■ **The task**
Return the data word for word. Pictures are to be omitted.

■ **Exercise input**
• • • • •
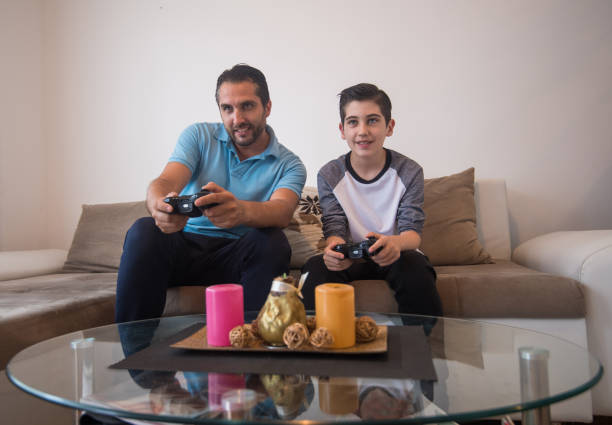 istock Father and son playing video games 1251276733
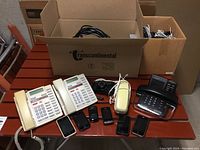 Lot on a table showing multiple landline phones, cell phones, and camera in boxes behind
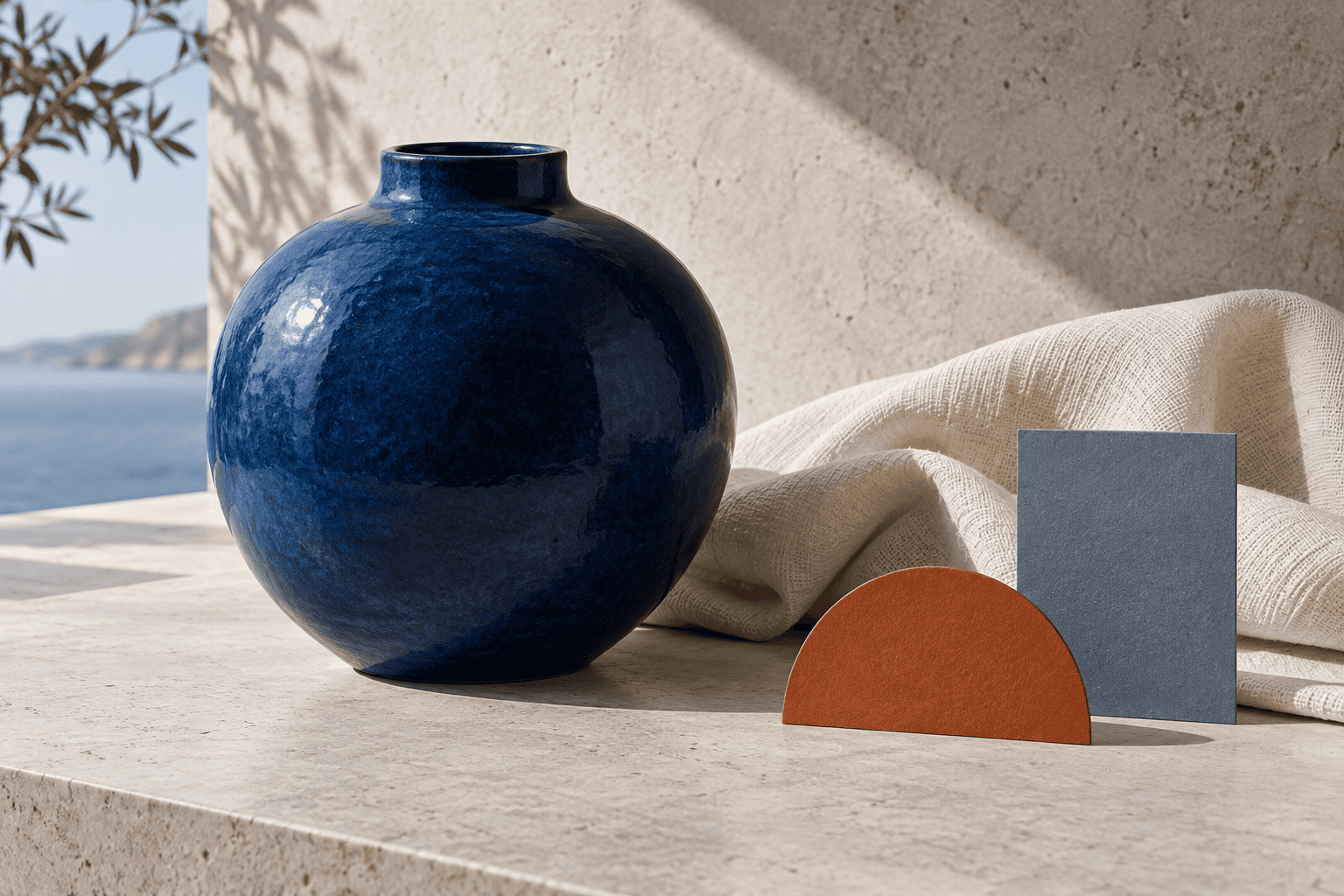 Deep blue ceramic vessel with ivory fabric, orange accent shape, and blue-gray card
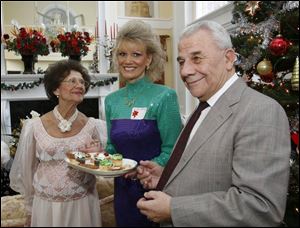 Traci Schwann, center, with her mother-in-law Grazyna Schwann and father-in-law Stefan Schwann.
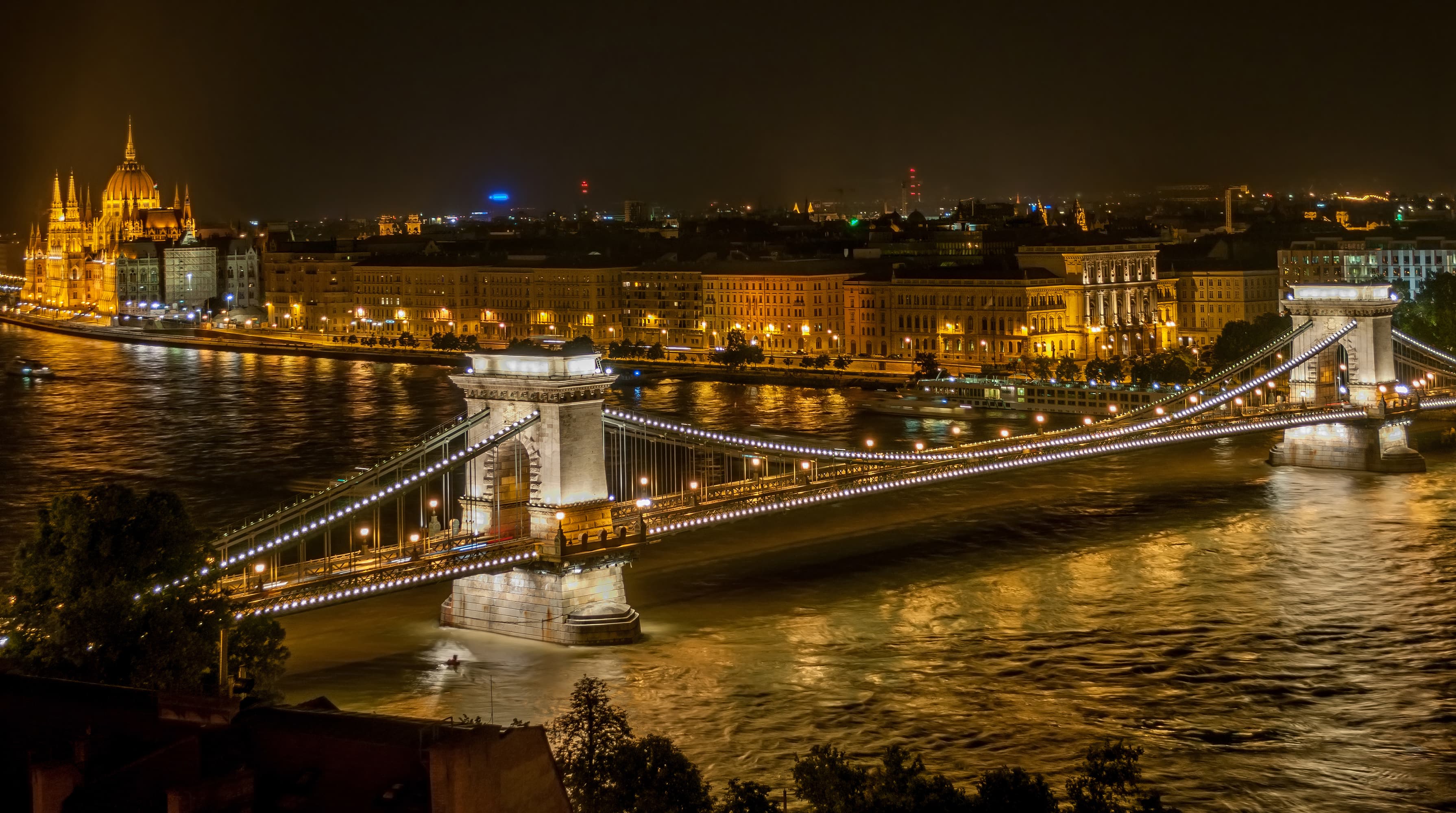 Budapest's Chain Bridge lit up at night with Parliament in the background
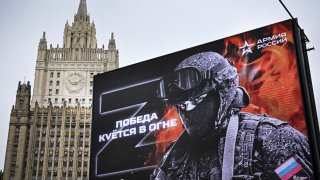 Russian Foreign Ministry building is seen behind a social advertisement billboard showing Z letters – a tactical insignia of Russian troops in Ukraine and reading “Victory is being Forged in Fire” in central Moscow on October 13, 2022.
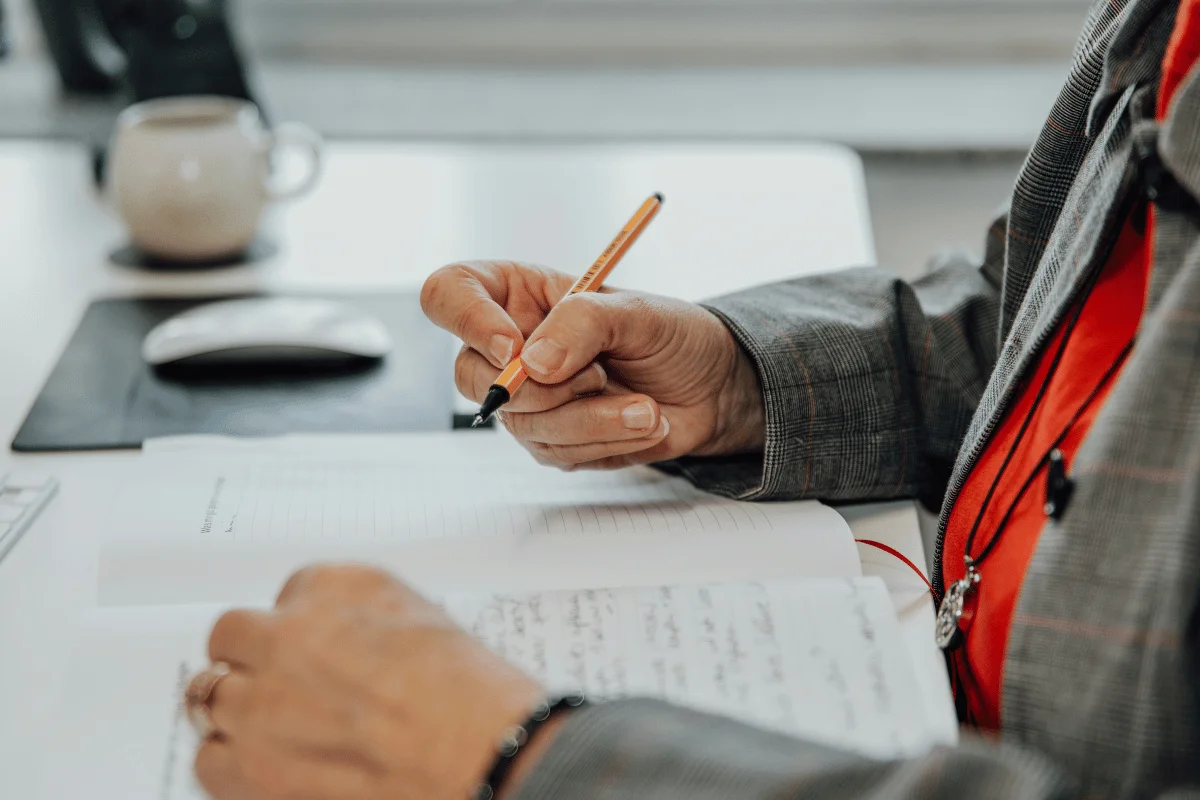Close-up of a person writing notes in a notebook on a desk.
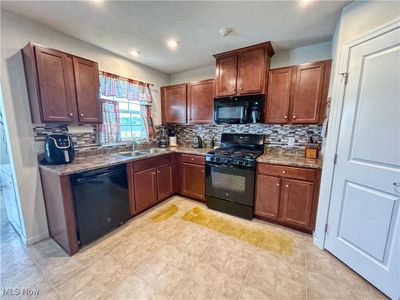 Kitchen featuring black appliances, backsplash, sink, a window, and a pantry | Image 2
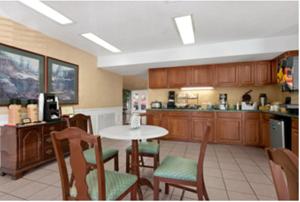 a kitchen with a table and chairs and a table and a counter at Baymont by Wyndham Roanoke Rapids in Roanoke Rapids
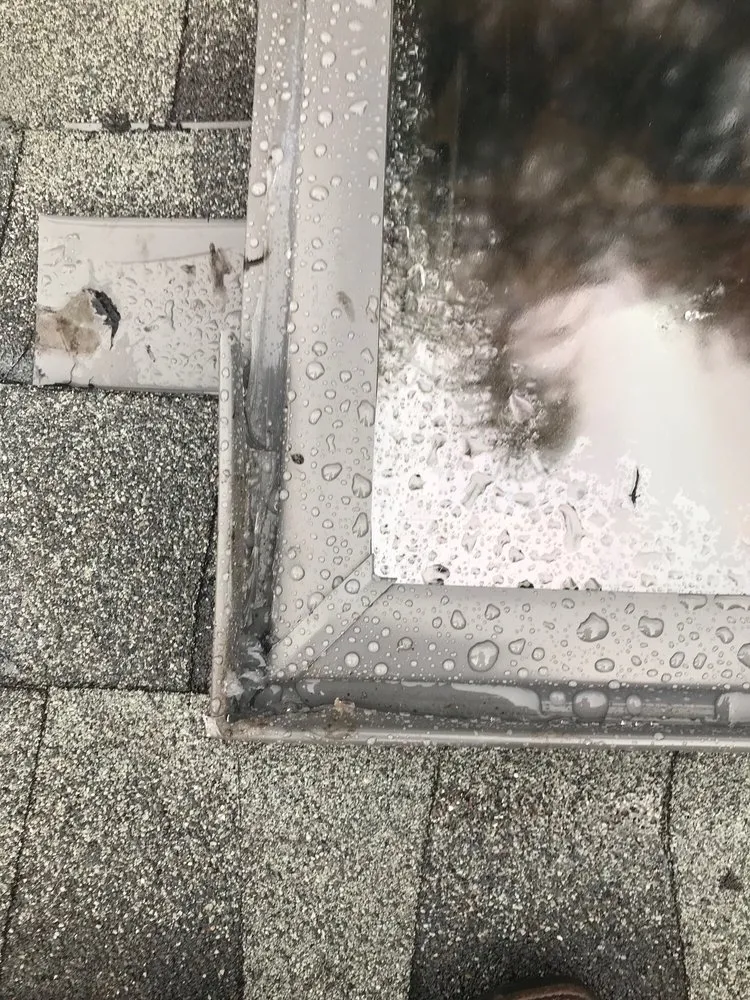 Slide of Mackel Roofing Company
• • • • •
■ **Exercise response**
 istock Father and son playing video games 1251276733
 Lot on a table showing multiple landline phones, cell phones, and camera in boxes behind
 Deep blue ceramic vessel with ivory fabric, orange accent shape, and blue-gray card
 Traci Schwann, center, with her mother-in-law Grazyna Schwann and father-in-law Stefan Schwann.
 Budapest's Chain Bridge lit up at night with Parliament in the background
 Russian Foreign Ministry building is seen behind a social advertisement billboard showing Z letters – a tactical insignia of Russian troops in Ukraine and reading “Victory is being Forged in Fire” in central Moscow on October 13, 2022.
Close-up of a person writing notes in a notebook on a desk.
 Kitchen featuring black appliances, backsplash, sink, a window, and a pantry | Image 2
 a kitchen with a table and chairs and a table and a counter at Baymont by Wyndham Roanoke Rapids in Roanoke Rapids
 Slide of Mackel Roofing Company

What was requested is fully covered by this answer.